■ **EXERCISE DETAILS**
Give again, exactly as written, the lines of the records below from the line with "Ease Hotel Kota Kinabalu Dış mekan fotoğraf" to the line with "Halo Jar Candle". Both end lines count; pictures do not.

■ **DATASET**
• • • • •
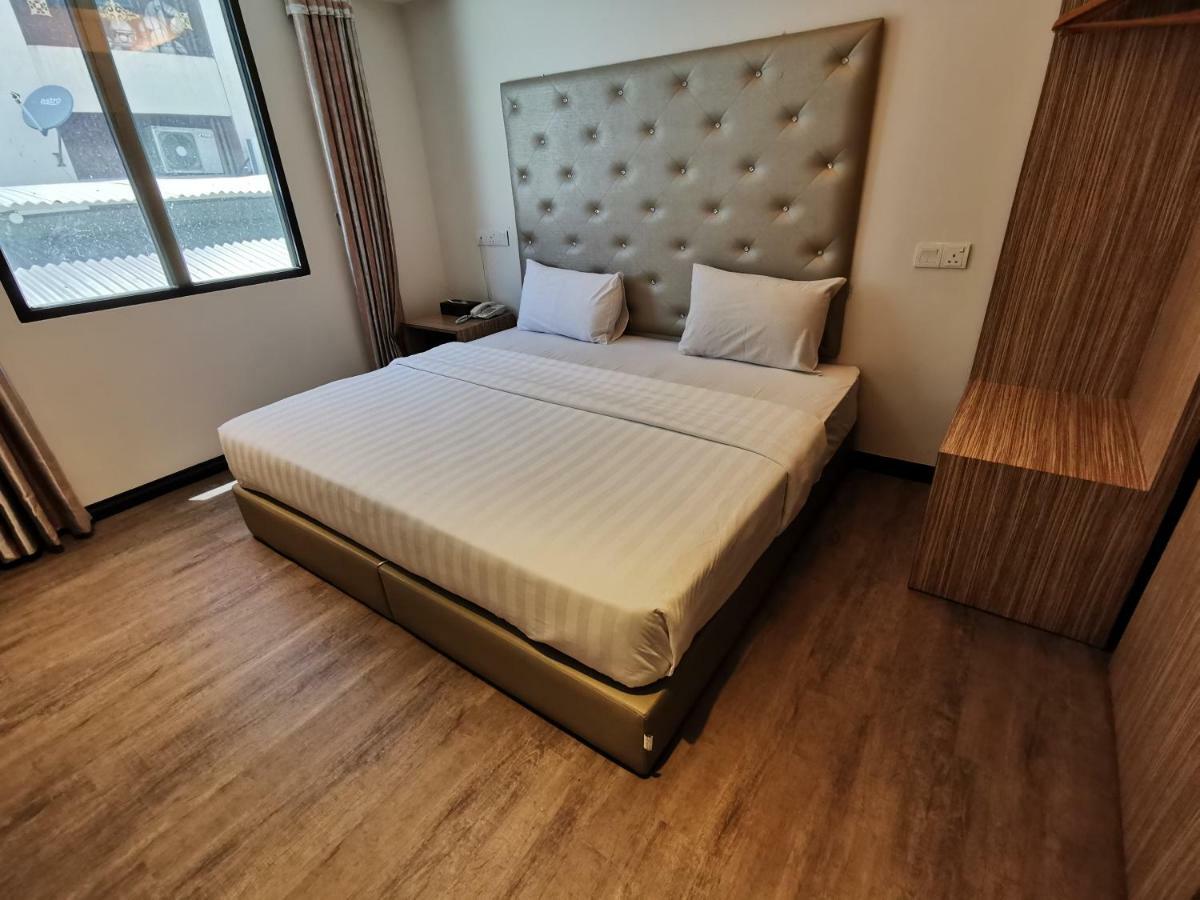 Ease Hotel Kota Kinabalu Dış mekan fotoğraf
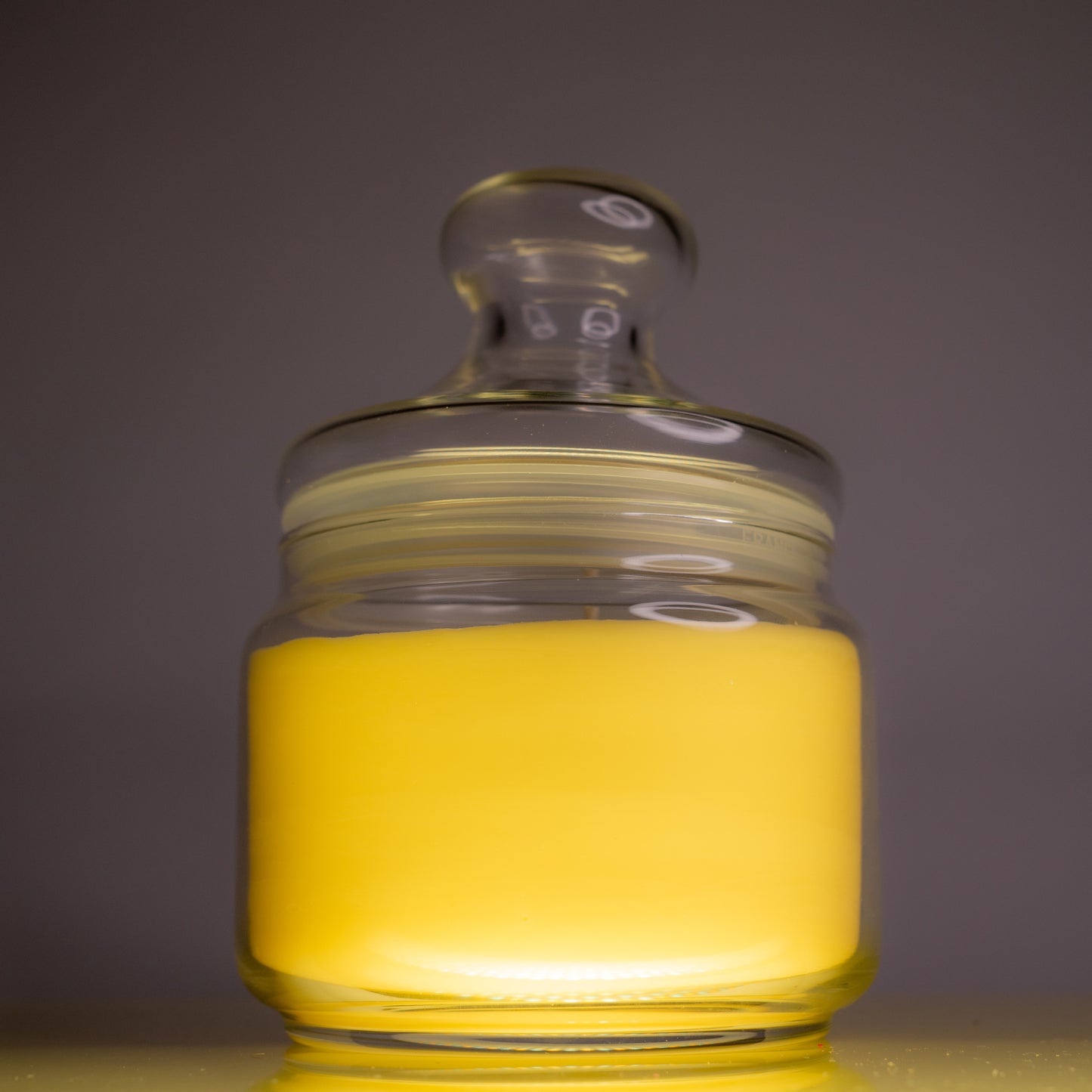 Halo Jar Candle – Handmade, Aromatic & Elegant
• • • • •
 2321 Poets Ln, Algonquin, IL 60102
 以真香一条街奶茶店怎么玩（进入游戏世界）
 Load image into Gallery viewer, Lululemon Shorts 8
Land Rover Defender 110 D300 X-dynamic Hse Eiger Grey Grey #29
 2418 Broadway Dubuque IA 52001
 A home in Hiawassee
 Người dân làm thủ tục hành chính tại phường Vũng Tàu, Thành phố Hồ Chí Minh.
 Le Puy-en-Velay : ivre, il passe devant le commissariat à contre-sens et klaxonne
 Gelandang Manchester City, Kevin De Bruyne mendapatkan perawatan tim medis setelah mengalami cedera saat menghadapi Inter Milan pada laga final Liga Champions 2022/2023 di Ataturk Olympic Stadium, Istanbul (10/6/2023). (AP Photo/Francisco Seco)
• • • • •
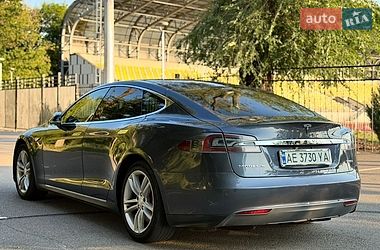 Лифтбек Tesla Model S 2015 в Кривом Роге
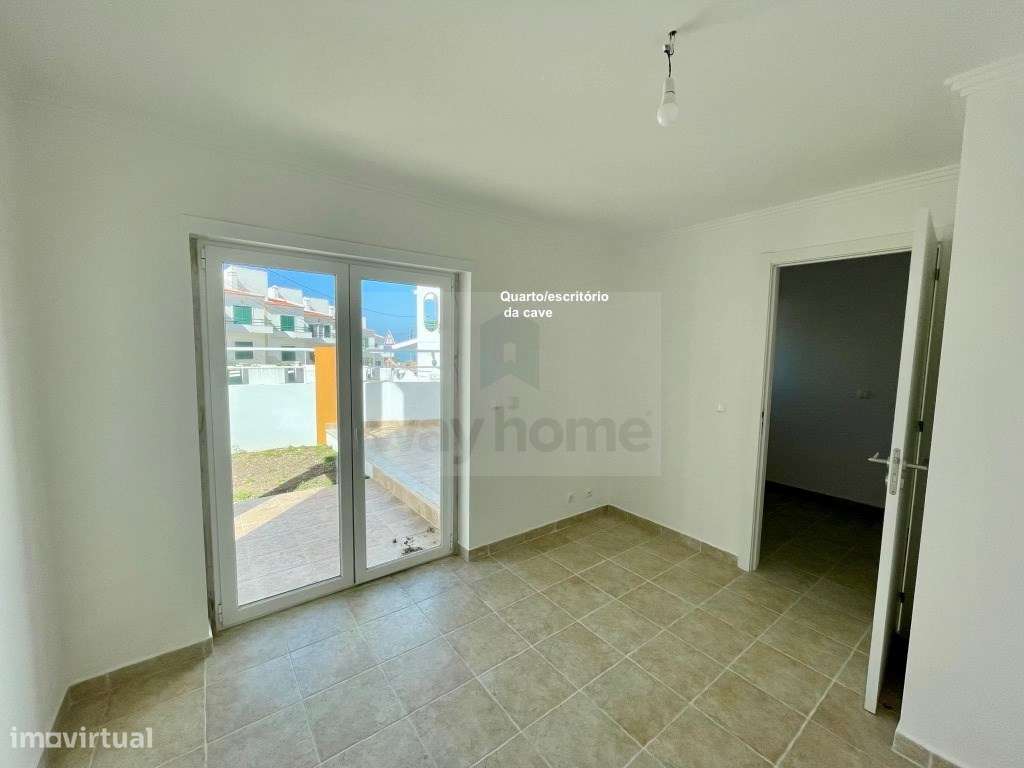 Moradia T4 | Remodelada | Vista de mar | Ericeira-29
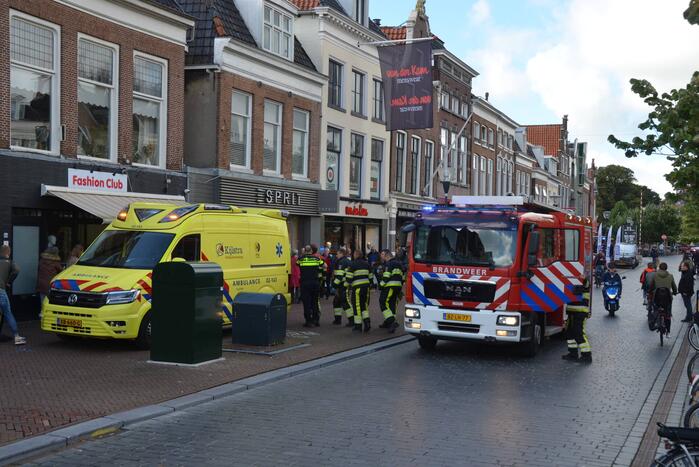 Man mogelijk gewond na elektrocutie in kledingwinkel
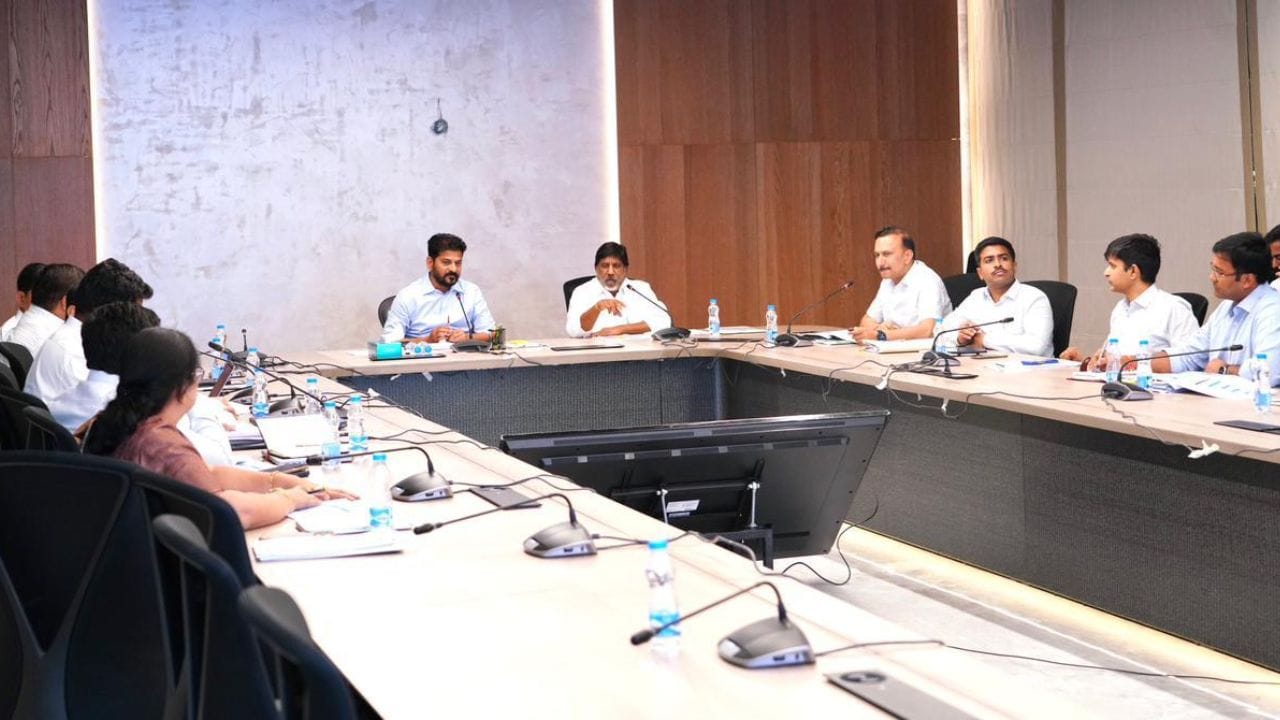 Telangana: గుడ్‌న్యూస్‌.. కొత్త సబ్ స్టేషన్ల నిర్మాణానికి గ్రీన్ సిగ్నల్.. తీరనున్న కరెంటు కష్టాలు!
• • • • •
■ **TASK RESPONSE**
 Ease Hotel Kota Kinabalu Dış mekan fotoğraf
 Halo Jar Candle – Handmade, Aromatic & Elegant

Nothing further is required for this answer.